Les quinze premières années de l’administration de La Reynie s’étaient écoulées sans que l’approvisionnement de Paris lui eût créé de sérieux sujets d’inquiétude. Pour dissiper quelques craintes conçues sans motif en 168, il avait suffi d’un achat de grains fait par le gouvernement à l’étranger. Vendu d’abord à 28 livres le setier (1 hectolitre 56 cent.), le blé du roi, comme on l’appelait, avait amené promptement la baisse du blé des marchands, qui était tombé bientôt à 16 livres. Cette concurrence faite au commerce de bonne foi n’était cependant ni juste ni prudente, car elle devait le décourager. Bonne contre un mal chimérique ou insignifiant, elle ne pouvait qu’accroître les illusions et détourner du vrai remède. Aussi, quand en 1692 on voulut y revenir, La Reynie se trouva aux prises avec les difficultés les plus sérieuses qu’il eût encore rencontrées. Ses lettres, celles du chancelier Pontchartrain, du président de Harlay, et les précieux documens recueillis par le commissaire Delamare contiennent les éclaircissemens les plus complets sur la crise des subsistances que le gouvernement allait traverser[1].

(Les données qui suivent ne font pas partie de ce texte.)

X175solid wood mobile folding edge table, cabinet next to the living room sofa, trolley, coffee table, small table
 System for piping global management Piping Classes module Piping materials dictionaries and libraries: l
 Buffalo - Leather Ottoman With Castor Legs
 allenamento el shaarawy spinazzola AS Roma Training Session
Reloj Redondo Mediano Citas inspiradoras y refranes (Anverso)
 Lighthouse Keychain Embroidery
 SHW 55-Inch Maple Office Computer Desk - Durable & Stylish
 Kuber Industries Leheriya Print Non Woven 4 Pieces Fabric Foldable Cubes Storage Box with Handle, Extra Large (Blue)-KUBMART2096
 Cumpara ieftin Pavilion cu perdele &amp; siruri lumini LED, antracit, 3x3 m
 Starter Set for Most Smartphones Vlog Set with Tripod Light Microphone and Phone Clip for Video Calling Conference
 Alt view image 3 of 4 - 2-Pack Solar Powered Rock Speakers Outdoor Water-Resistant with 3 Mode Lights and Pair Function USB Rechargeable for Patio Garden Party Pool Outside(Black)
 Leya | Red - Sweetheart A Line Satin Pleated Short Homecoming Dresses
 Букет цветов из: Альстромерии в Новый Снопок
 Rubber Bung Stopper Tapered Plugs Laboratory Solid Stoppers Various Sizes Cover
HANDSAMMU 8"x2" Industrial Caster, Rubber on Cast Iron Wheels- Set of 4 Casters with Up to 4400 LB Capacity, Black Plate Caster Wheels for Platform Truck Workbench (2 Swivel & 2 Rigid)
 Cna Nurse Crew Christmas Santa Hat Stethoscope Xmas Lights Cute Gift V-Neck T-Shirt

Les premières inquiétudes se manifestèrent vers la fin du printemps : le bruit courait alors que les blés avaient été niellés. Le public s’alarma; les marchands de Paris s’empressèrent d’acheter

  1. Dans la première partie d’une étude sur le Pain à Paris (Revue du 15 août 1863), M. André Cochut a signalé avec raison, à propos de cette crise, les fautes de l’administration et les dangers des innombrables règlemens soi-disant tutélaires qui entravaient l’industrie des marchands de blés et des boulangers sous l’ancien régime.